**EXERCISE INSTRUCTIONS:** The reply should consist of every entry, repeated exactly.

═════ SUPPLIED RECORDS ═════

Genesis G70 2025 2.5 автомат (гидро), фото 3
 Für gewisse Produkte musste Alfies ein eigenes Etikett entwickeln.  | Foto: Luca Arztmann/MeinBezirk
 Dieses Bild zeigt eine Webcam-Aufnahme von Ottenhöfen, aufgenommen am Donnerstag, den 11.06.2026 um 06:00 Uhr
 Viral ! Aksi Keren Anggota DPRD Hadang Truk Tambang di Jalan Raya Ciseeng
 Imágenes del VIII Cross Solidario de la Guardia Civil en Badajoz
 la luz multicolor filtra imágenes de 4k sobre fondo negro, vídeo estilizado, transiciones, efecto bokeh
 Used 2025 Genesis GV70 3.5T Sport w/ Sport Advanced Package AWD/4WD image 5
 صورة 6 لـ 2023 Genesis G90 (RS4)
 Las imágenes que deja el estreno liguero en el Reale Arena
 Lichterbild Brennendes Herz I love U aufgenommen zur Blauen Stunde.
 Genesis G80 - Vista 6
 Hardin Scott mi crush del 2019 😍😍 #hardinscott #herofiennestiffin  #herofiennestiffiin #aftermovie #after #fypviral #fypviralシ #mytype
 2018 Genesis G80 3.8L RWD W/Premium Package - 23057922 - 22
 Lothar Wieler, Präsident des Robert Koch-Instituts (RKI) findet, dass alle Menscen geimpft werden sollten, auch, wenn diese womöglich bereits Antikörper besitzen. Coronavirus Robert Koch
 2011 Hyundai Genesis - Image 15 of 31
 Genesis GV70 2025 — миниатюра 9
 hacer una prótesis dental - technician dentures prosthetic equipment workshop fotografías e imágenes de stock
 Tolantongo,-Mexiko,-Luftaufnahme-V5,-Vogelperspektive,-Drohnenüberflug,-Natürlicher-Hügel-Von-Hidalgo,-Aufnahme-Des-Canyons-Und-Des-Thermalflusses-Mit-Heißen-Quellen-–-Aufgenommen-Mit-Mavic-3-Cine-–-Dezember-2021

═════

**ANSWER:**
Genesis G70 2025 2.5 автомат (гидро), фото 3
 Für gewisse Produkte musste Alfies ein eigenes Etikett entwickeln.  | Foto: Luca Arztmann/MeinBezirk
 Dieses Bild zeigt eine Webcam-Aufnahme von Ottenhöfen, aufgenommen am Donnerstag, den 11.06.2026 um 06:00 Uhr
 Viral ! Aksi Keren Anggota DPRD Hadang Truk Tambang di Jalan Raya Ciseeng
 Imágenes del VIII Cross Solidario de la Guardia Civil en Badajoz
 la luz multicolor filtra imágenes de 4k sobre fondo negro, vídeo estilizado, transiciones, efecto bokeh
 Used 2025 Genesis GV70 3.5T Sport w/ Sport Advanced Package AWD/4WD image 5
 صورة 6 لـ 2023 Genesis G90 (RS4)
 Las imágenes que deja el estreno liguero en el Reale Arena
 Lichterbild Brennendes Herz I love U aufgenommen zur Blauen Stunde.
 Genesis G80 - Vista 6
 Hardin Scott mi crush del 2019 😍😍 #hardinscott #herofiennestiffin  #herofiennestiffiin #aftermovie #after #fypviral #fypviralシ #mytype
 2018 Genesis G80 3.8L RWD W/Premium Package - 23057922 - 22
 Lothar Wieler, Präsident des Robert Koch-Instituts (RKI) findet, dass alle Menscen geimpft werden sollten, auch, wenn diese womöglich bereits Antikörper besitzen. Coronavirus Robert Koch
 2011 Hyundai Genesis - Image 15 of 31
 Genesis GV70 2025 — миниатюра 9
 hacer una prótesis dental - technician dentures prosthetic equipment workshop fotografías e imágenes de stock
 Tolantongo,-Mexiko,-Luftaufnahme-V5,-Vogelperspektive,-Drohnenüberflug,-Natürlicher-Hügel-Von-Hidalgo,-Aufnahme-Des-Canyons-Und-Des-Thermalflusses-Mit-Heißen-Quellen-–-Aufgenommen-Mit-Mavic-3-Cine-–-Dezember-2021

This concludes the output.